- [WHAT YOU NEED TO DO]
Word-for-word transcription: reproduce all of the data, but not the pictures.

- [INFORMATION SHOWN]
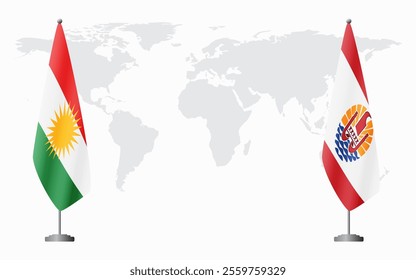 Kurdistan and French Polynesia flags for official meeting against background of world map.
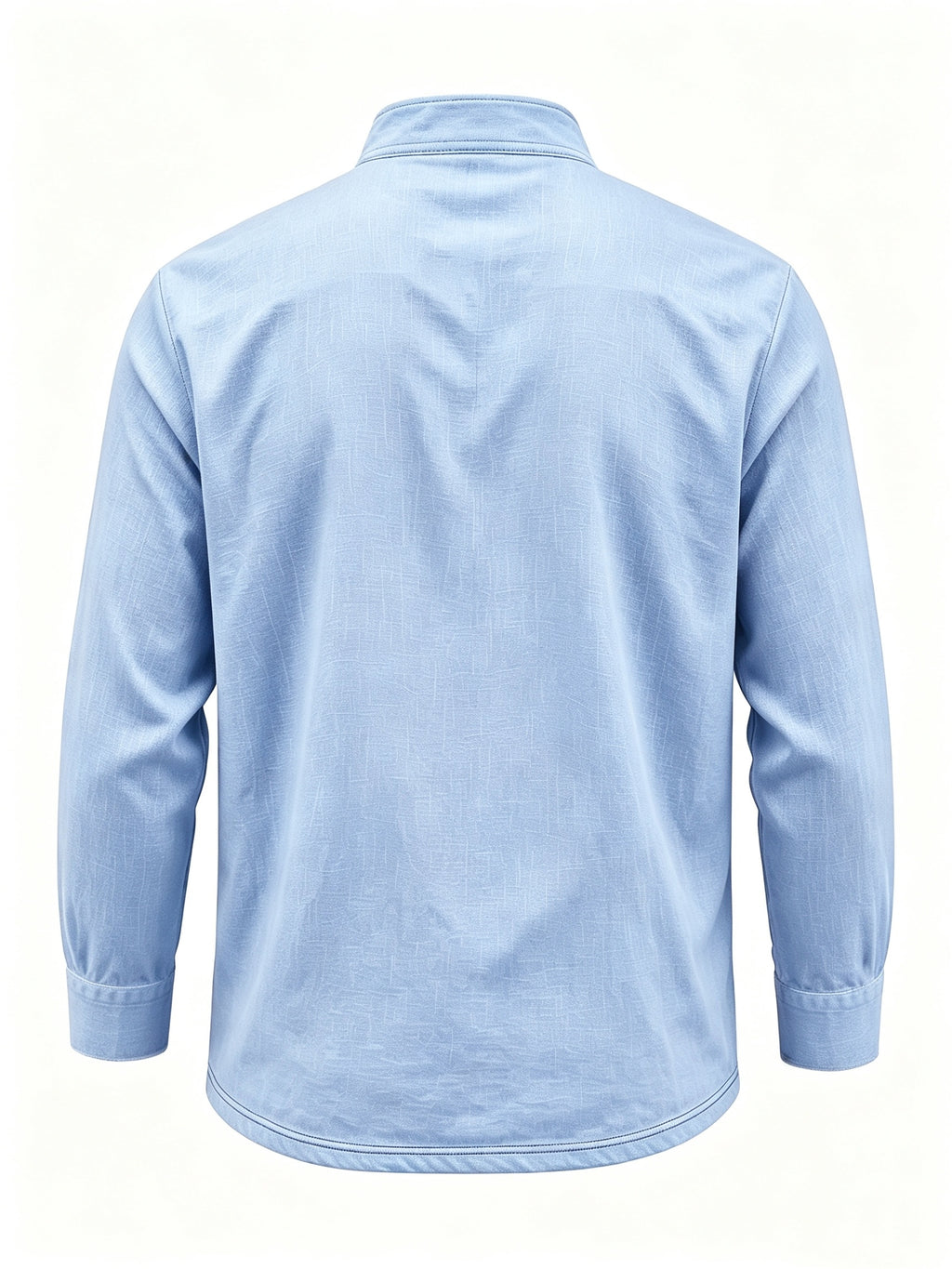 Men's Linen Long Sleeve Henley Shirt Stand Collar Loose Polo Shirt Men's Linen Zipper Casual Shirt - Light Blue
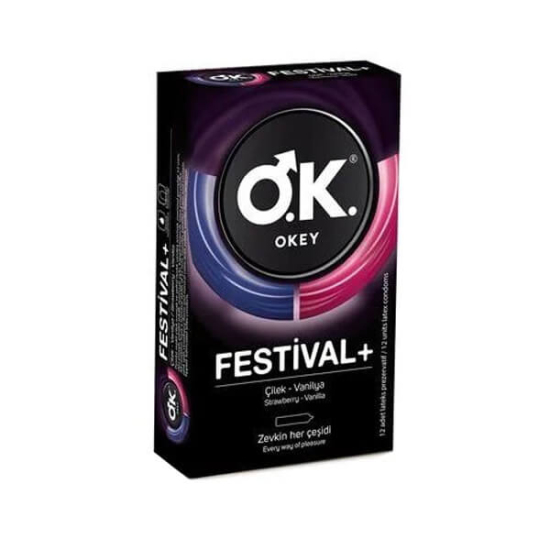  Okey Festival Çilek Ahudu Yaban Mersini Prezervatif 12 li - 1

- [EXERCISE RESPONSE]
 Kurdistan and French Polynesia flags for official meeting against background of world map.
 Men's Linen Long Sleeve Henley Shirt Stand Collar Loose Polo Shirt Men's Linen Zipper Casual Shirt - Light Blue
  Okey Festival Çilek Ahudu Yaban Mersini Prezervatif 12 li - 1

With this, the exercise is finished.